Use the https://github.com/simonw/shot-scraper-template/generate interface to create a new repository using that template, and paste the URL that you want to take screenshots of in as the "description" field.

The new repository will then configure itself using GitHub Actions, take the screenshot and save it back to the repo!




Related to this: you can also use my shot-scraper tool to scrape web pages from the command line using JavaScript:

    % pip install shot-scraper
    % shot-scraper install
    % shot-scraper javascript https://datasette.io/ "({
        title: document.title,
        tagline: document.querySelector('.tagline').innerText
    })"
    {
        "title": "Datasette: An open source multi-tool for exploring and publishing data",
        "tagline": "An open source multi-tool for exploring and publishing data"
    }
More here, including an example of using it to scrape data from Hacker News that's not available in the API: https://simonwillison.net/2022/Mar/14/scraping-web-pages-sho...

HN post about this from yesterday (which failed to get any traction): https://news.ycombinator.com/item?id=30667588


That's fantastic!

I'll definitely investigate using this.
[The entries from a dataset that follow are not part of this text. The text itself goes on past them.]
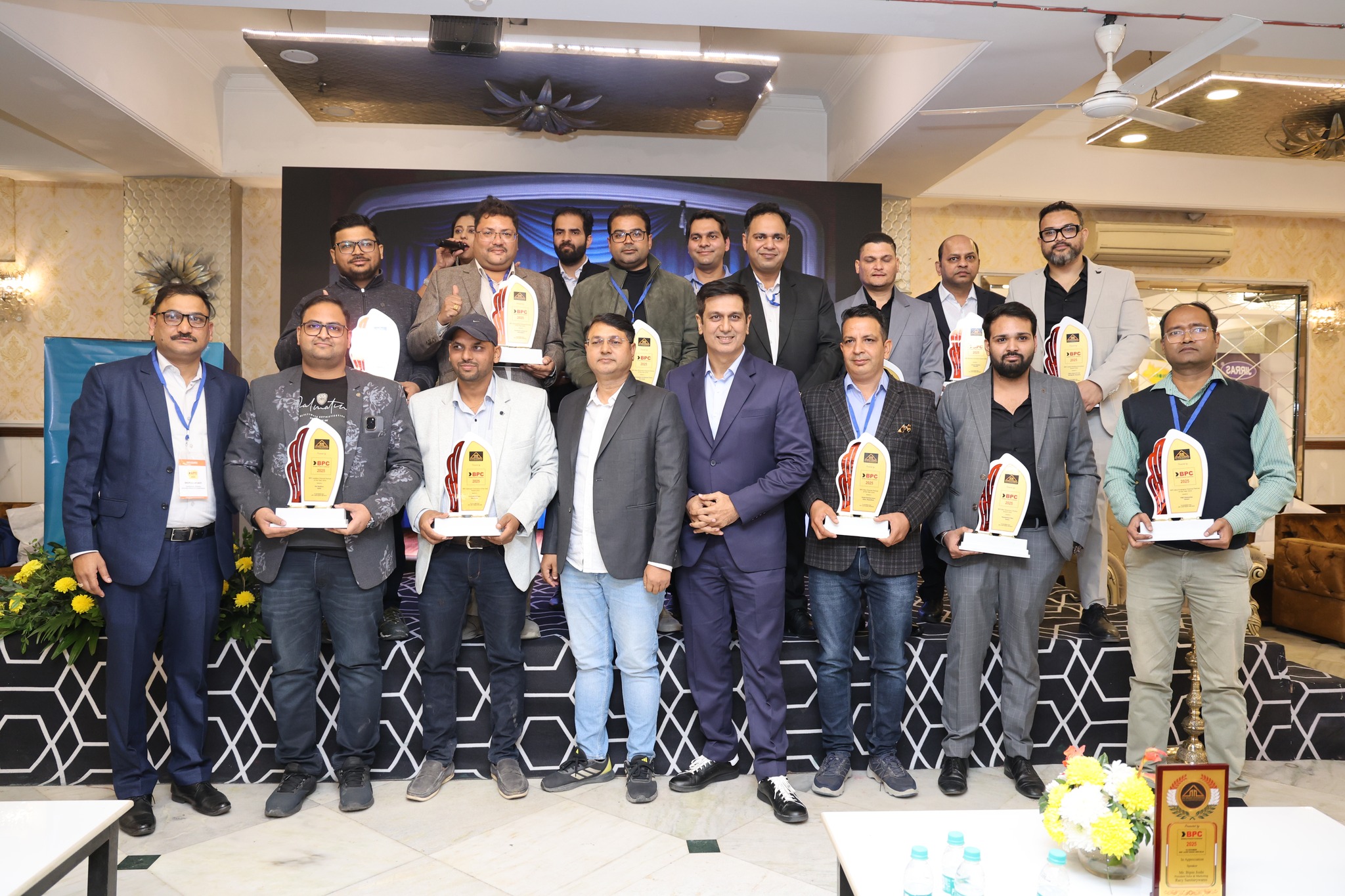 595694837_122167402574605848_4213499661473697801_n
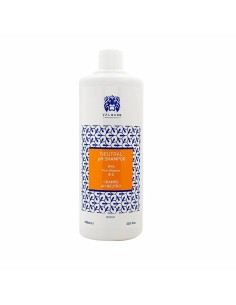 Shampoo Valquer CHAMPÚ PROFESIONAL 1 L 2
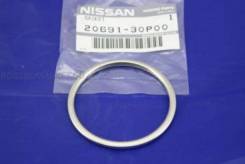     Nissan 2069130P00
I implemented my own MacGyver version of this basic functionality off selenium to grab screenshots for search.marginalia.nu/explore/random -- but that script is super sketchy and held together in with bubble gum and duct tape. Yours looks a lot better.

By the way, is there a way to extract favicons as well?
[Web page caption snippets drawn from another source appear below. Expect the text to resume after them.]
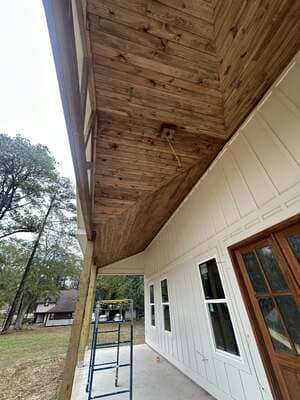 {{ custom_values.service_4 }} in {{custom_values.area_6})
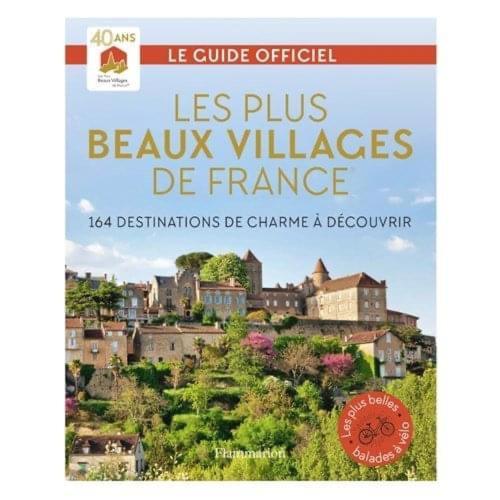 Au Lilas Rose Maison Entre Campagne Et Village Belves Exterior photo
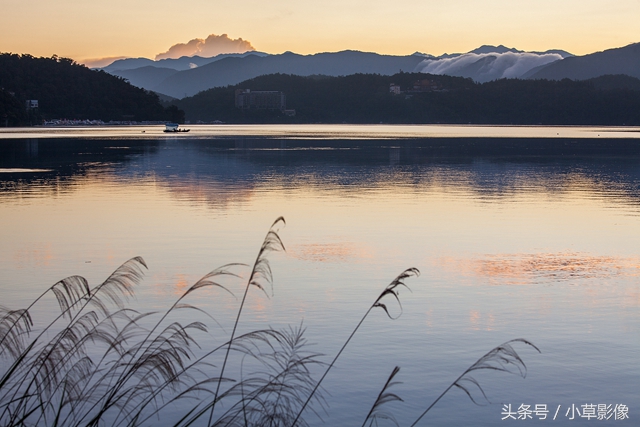 录像基础知识入门构图,入门单反拍照构图技巧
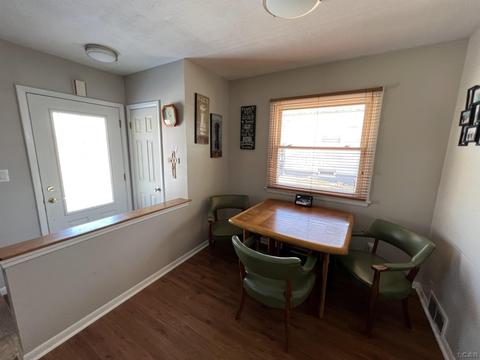 236 Renfrew Ct, Adrian, MI 49221 photo 14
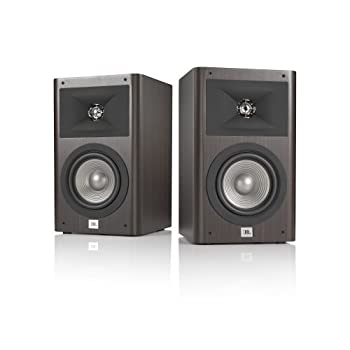 【中古】（非常に良い）JBL スピーカー STUDIO 230 [ペア] 99,276円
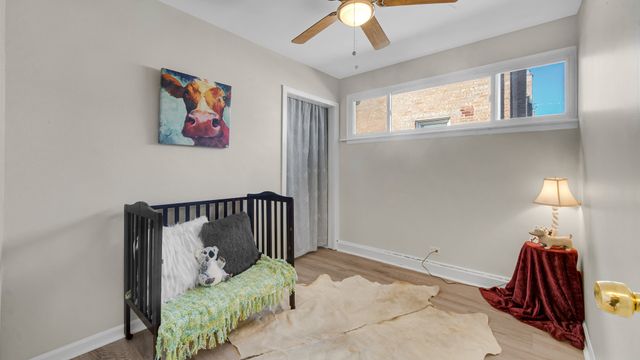 5237 S Natoma Avenue, Chicago, IL 60638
No, I've not thought about favicons. That's a really interesting challenge.

I wonder if there's a way to detect favicons just using JavaScript that runs against a page? Not sure if it's easy to detect /favicon.ico v.s. the various meta tags.


Would be kind of fun to write JavaScript that runs against the page that first looks for the meta tags, then tries to fetch("/favicon.ico") and returns either the URL or a base64 encoded copy of the image (since the "shot-scraper javascript" command requires you to return JSON).
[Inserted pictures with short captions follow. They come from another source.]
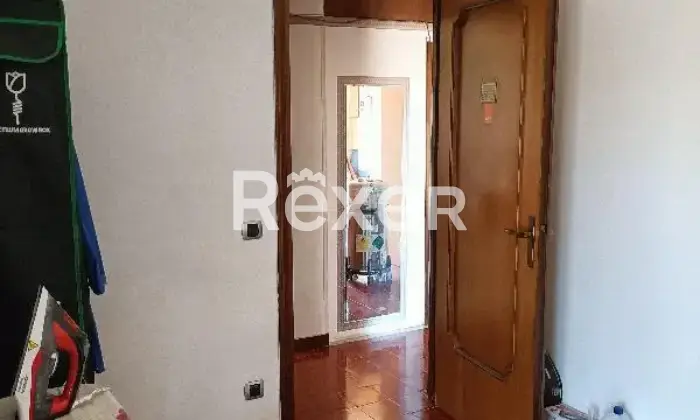 Rexer-Cerveteri-Spazioso-appartamento-su-due-piani-con-giardino-balcone-camino-Altro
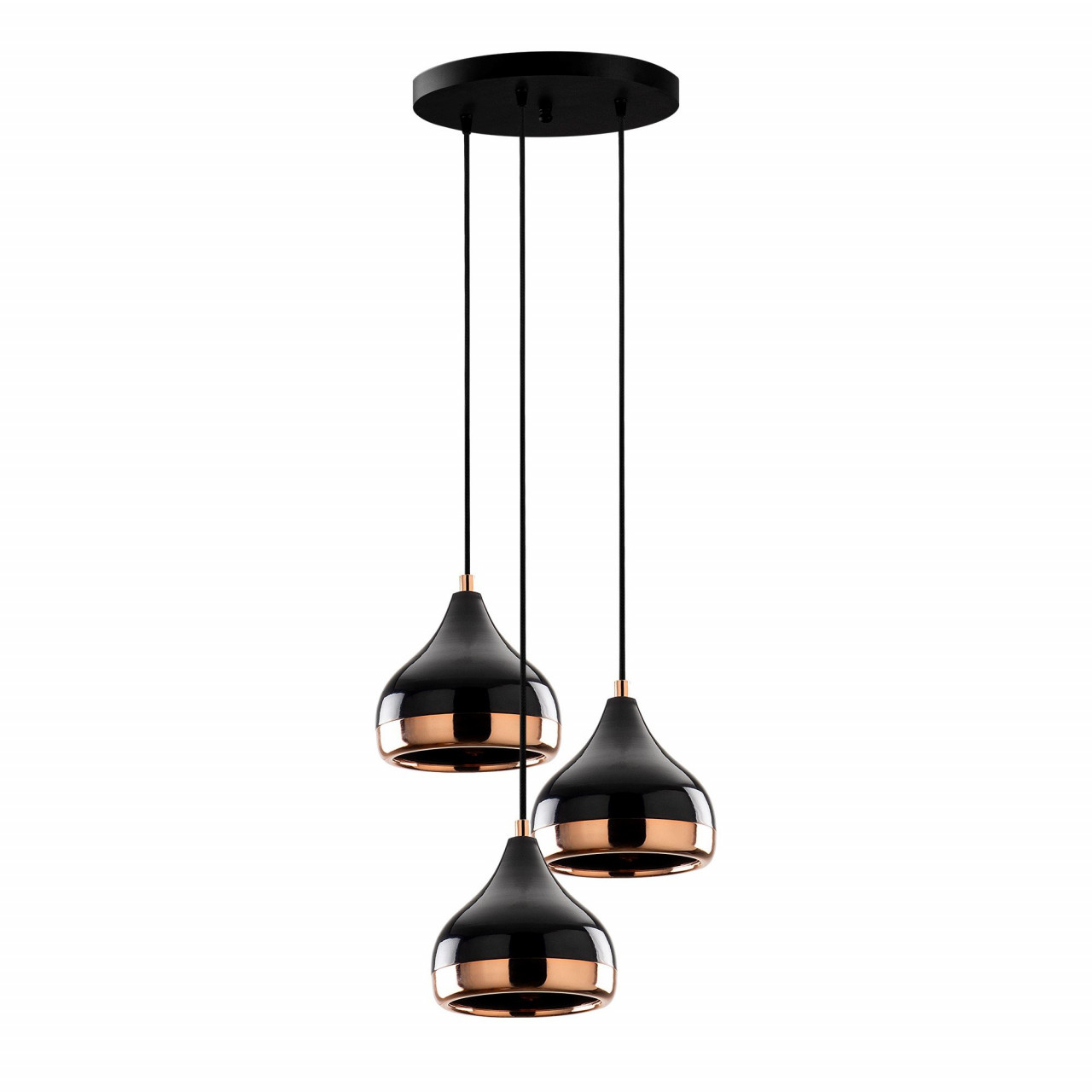 Poze Candelabru Yıldo - 6871
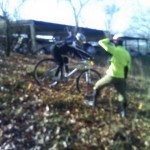 200912061100000 200912061100000.jpg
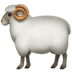 :ram: :ram:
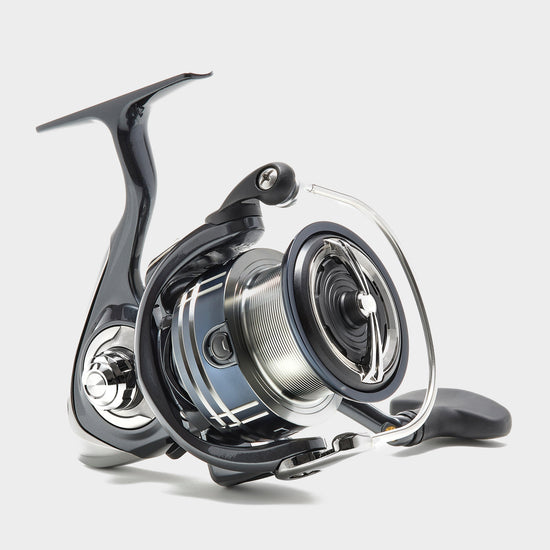 LT 5000S CP DH Feeder Reel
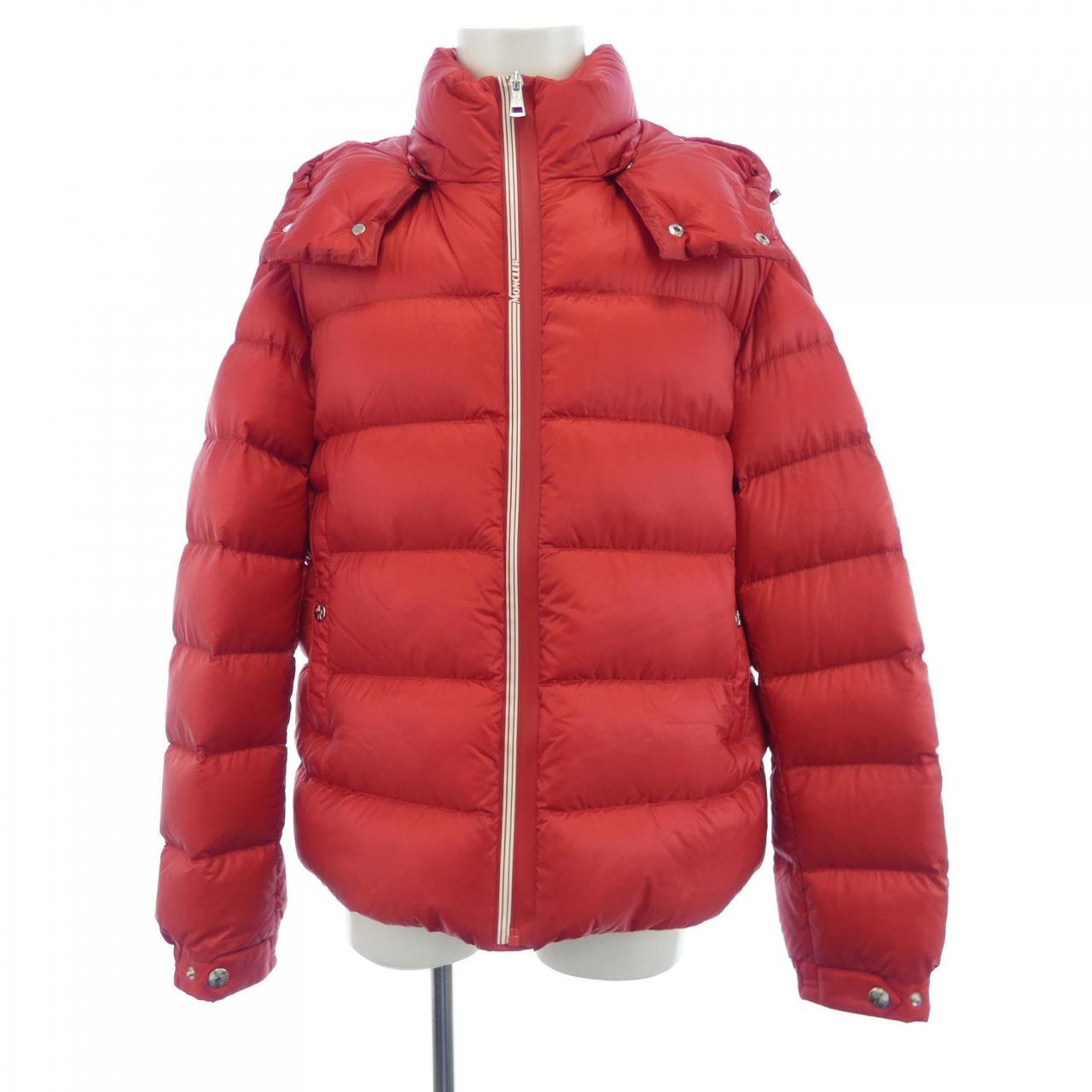 モンクレール MONCLER ダウンジャケット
There's a lot of weird edge cases for favicons, most browsers fall back to just looking for /favicon.ico if you don't explicitly specify it in the meta tags, and if you do, there's sometimes different versions.

Yeah, maybe it's a pipe dream :-/ But even without them, it looks really useful!


I've found some fairly reliable repos in the past, or https://t1.gstatic.com/faviconV2?client=SOCIAL&type=FAVICON&... still works (but for how long)


Here's a GitHub code search which shows repos that people have created using my template: https://github.com/search?q=shot-scraper-template+-user%3Asi...

My favourite so far is this one, which is taking screenshots of a variety of French news websites: https://github.com/ggtr1138/UneJournaux


This is an awesome tool, as all of yours!

Just to mention: The example of french news websites shows that popovers and consent forms are a serious problem for this kind of screenshotting.

Do you have any thoughts on how to best deal with them?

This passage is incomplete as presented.